OPRAH…When Oprah came back this season, she showed many snippets from her road trip across the country with best friend Gayle King. Am I the only one who thought Oprah came across as a spoiled, privileged person out of touch with how the rest of us live? Her producers included footage of Oprah insulting the proprietor of a family-owned teepee motel, which she could not bring herself to inhabit for even one night. What were the producers thinking? Did they want to show their boss behaving badly, or do they not recognize rudeness when they see it? And as a person who drives and sings along with the radio all the time, here’s my other question…how could Oprah have known Gayle for all these years and not known she likes to sing in the car? Here’s to Gayle’s independence and indomitable spirit, and for loving her best friend despite her shortcomings. The road trip showed the human side of Oprah…the not-so-nice side we all display from time-to-time….but the only thing that bothered me is what Oprah blamed on “road trip crankiness” was a little more than that.

THE LIFE…Is the name of an NBC pilot which, if it gets picked up, will air sometime this year or next. It is about a cop wrongly accused of a crime who returns to the force. The reason I mention it is because it stars Damien Lewis (“Band of Brothers”) and Adam Arkin (“Chicago Hope”). Having said that, if this show is not on the NBC 2007-2008 schedule, it will be because someone who was smart enough to cast these two exceptional actors then proceeded to screw it up big time.

AND THE GOLDEN GLOBE (OR FILL IN THE NAME OF ANY AWARD) GOES TO…What is it with these accomplished actors who lose all ability to speak when they win something? Even if they do rely on scripted monologues to impress us, must they pretend not to be prepared every time they step up to the podium? Trust us, we would rather have you read from a scrap of paper, although why you can’t memorize a few short words of thanks when you memorize pages and pages of dialogue for a living…oh, never mind.

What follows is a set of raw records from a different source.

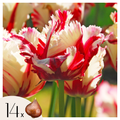 Lot De 14 Tulipes Estella Rijnveld – Plante D'Extérieur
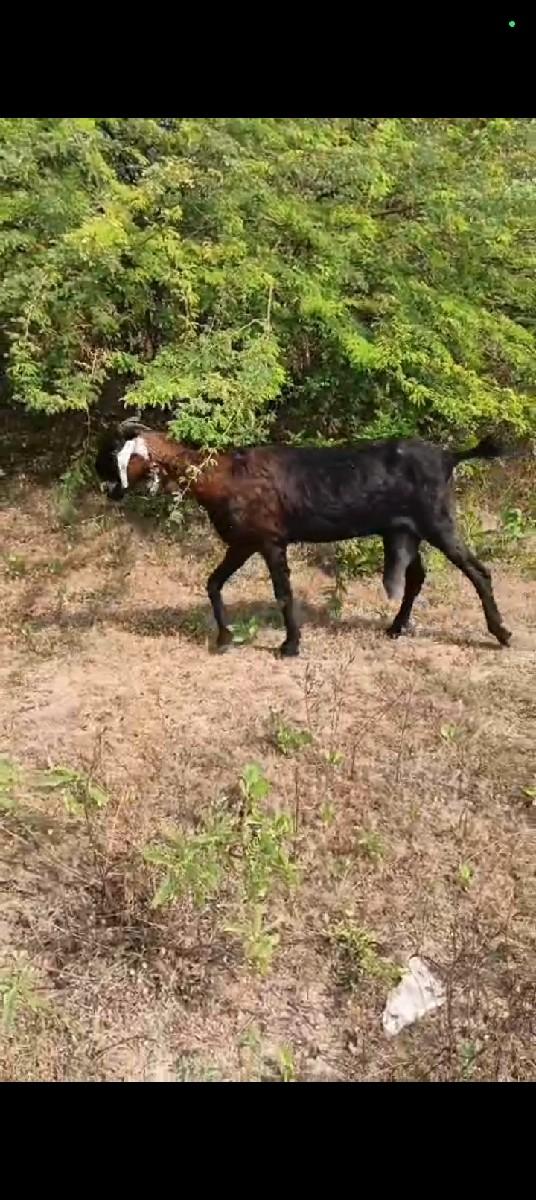 થંબનેલ 2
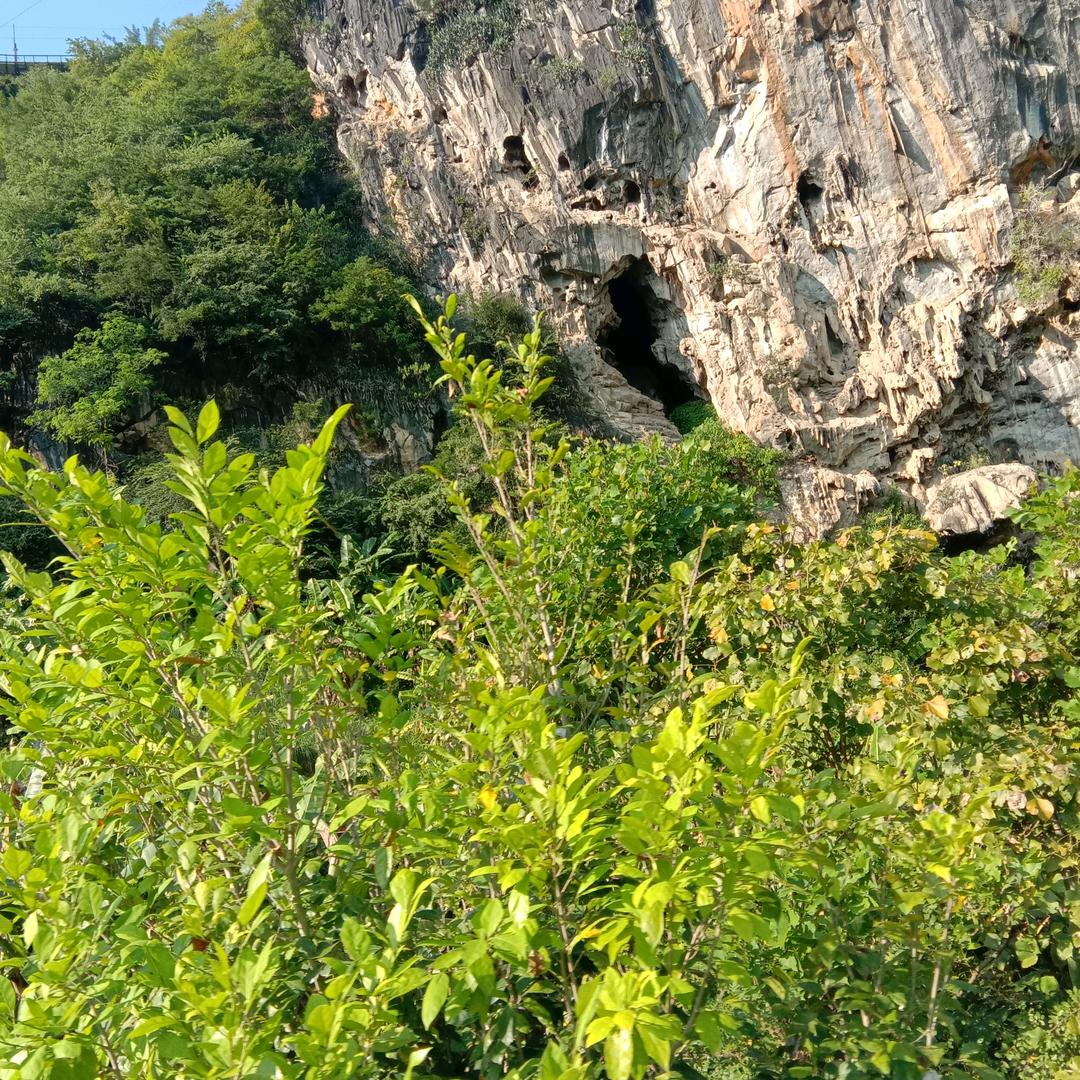 💔᭄ꦿ从未დ放弃ꦿ࿆ྃ爱你@@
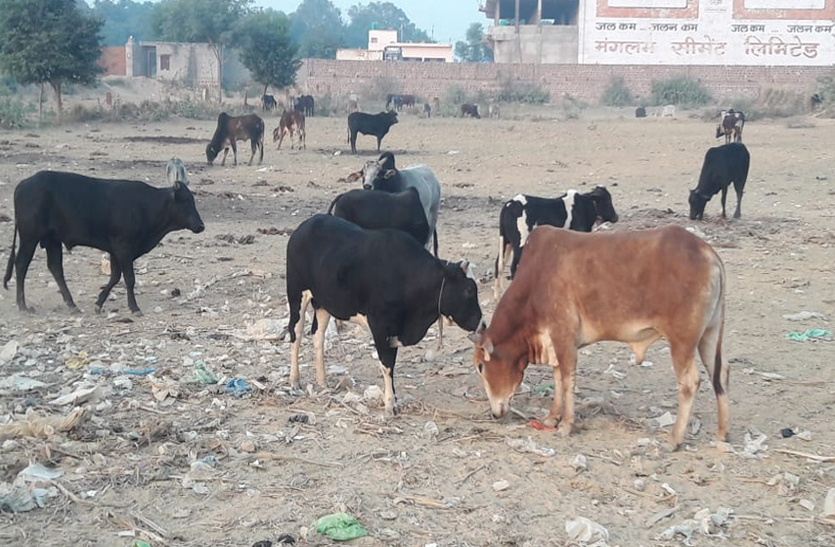 dholpur news dholpur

I am going to break with the politically correct protocol of not declaring a winner in the acceptance speech category. The winner in the category of literate, charming, witty acceptance speeches is…HUGH LAURIE.

When the Brit, the very accomplished star of HOUSE, claimed a Golden Globe for Best Actor in a Drama not too long ago, he thanked the best crew in the business, as generous actors are wont to do, but then he waxed for a bit on the improbability of this. Lest I give his words short shrift, here’s how he began:

“I am speechless. I’m literally without a speech. It seems odd to me that in the weeks leading up to this event, when people are falling over themselves to send you free shoes and free cufflinks and free colonic irrigations for two, nobody offers you a free acceptance speech. It just seems to me to be a gap in the market. I would love to be able to pull out a speech by Dolce & Gabbana.”

And then he thanked his “truly wonderful crew”. I know everyone says they have a wonderful crew, and logically that can’t be the case. They can’t all be wonderful. Somebody, somewhere, is working with a crew of drunken thieves. But it’s not me. They are truly a wonderful collection of people... and they smell of newly mown grass.”

It just doesn’t get any better than that.